I lived with that diagnosis all day. Later that evening I
had a biopsy, where they stuck an endoscope down my throat,
through my stomach and into my intestines, put a needle into
my pancreas and got a few cells from the tumor.
I was sedated, but my wife, who was there, told me that when
they viewed the cells under a microscope the doctors started
crying because it turned out to be a very rare form of
pancreatic cancer that is curable with surgery. I had the
surgery and I'm fine now.
This was the closest I've been to facing death, and I hope
it's the closest I get for a few more decades. Having lived
through it, I can now say this to you with a bit more
certainty than when death was a useful but purely
intellectual concept:
No one wants to die.
Even people who want to go to heaven don't want to die to
get there.
And yet death is the destination we all share. No one has
ever escaped it. And that is as it should be, because Death
is very likely the single best invention of Life. It is
Life's change agent. It clears out the old to make way for
the new.
Right now the new is you, but someday not too long from now,
you will gradually become the old and be cleared away. Sorry
to be so dramatic, but it is quite true.
Your time is limited, so don't waste it living someone
else's life. Don't be trapped by dogma -- which is living
with the results of other people's thinking. Don't let the
noise of others' opinions drown out your own inner voice.
And most important, have the courage to follow your heart
and intuition. They somehow already know what you truly want
to become. Everything else is secondary.
When I was young, there was an amazing publication called
The Whole Earth Catalog, which was one of the bibles of my
generation.
It was created by a fellow named Stewart Brand not far from
here in Menlo Park, and he brought it to life with his
poetic touch. This was in the late 1960's, before personal
computers and desktop publishing, so it was all made with
typewriters, scissors, and polaroid cameras. It was sort of
like Google in paperback form, 35 years before Google came
along: it was idealistic, and overflowing with neat tools
and great notions.
Stewart and his team put out several issues of The Whole
Earth Catalog, and then when it had run its course, they put
out a final issue. It was the mid-1970s, and I was your age.

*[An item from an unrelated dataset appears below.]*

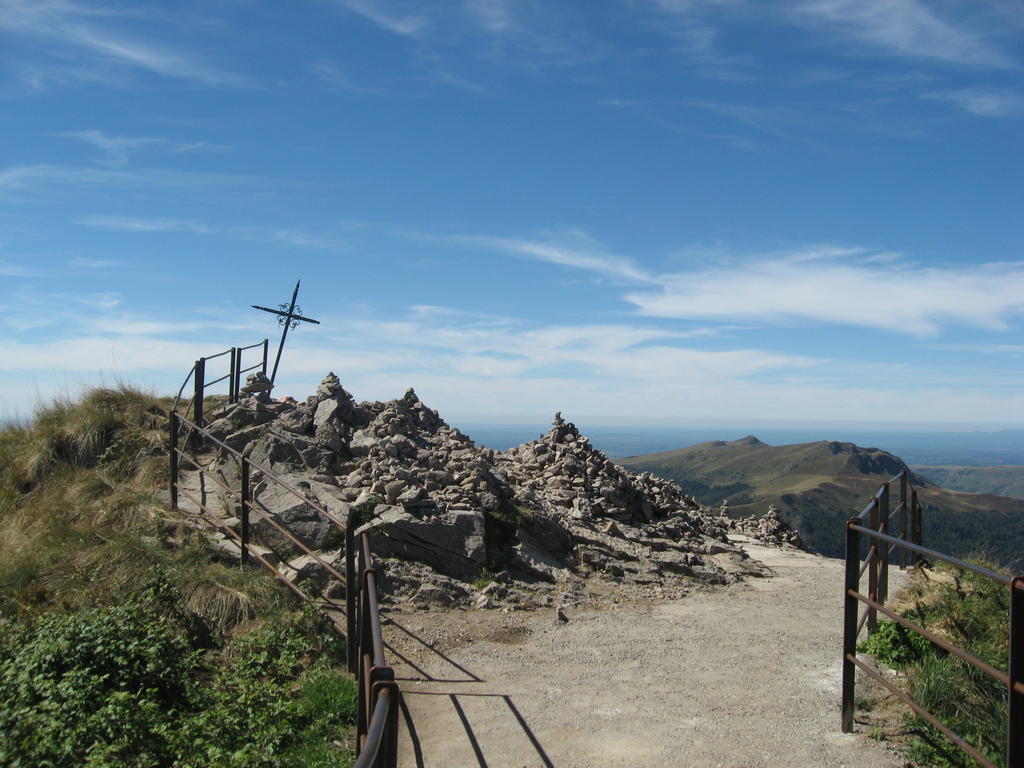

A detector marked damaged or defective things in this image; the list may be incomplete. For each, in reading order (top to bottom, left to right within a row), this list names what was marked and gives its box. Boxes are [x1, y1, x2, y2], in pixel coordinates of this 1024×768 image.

On the back cover of their final issue was a photograph of
an early morning country road, the kind you might find
yourself hitchhiking on if you were so adventurous. Beneath
it were the words: "Stay Hungry. Stay Foolish."
It was their farewell message as they signed off. Stay
Hungry. Stay Foolish. And I have always wished that for
myself. And now, as you graduate to begin anew, I wish that
for you.
Stay Hungry. Stay Foolish.
Thank you all very much.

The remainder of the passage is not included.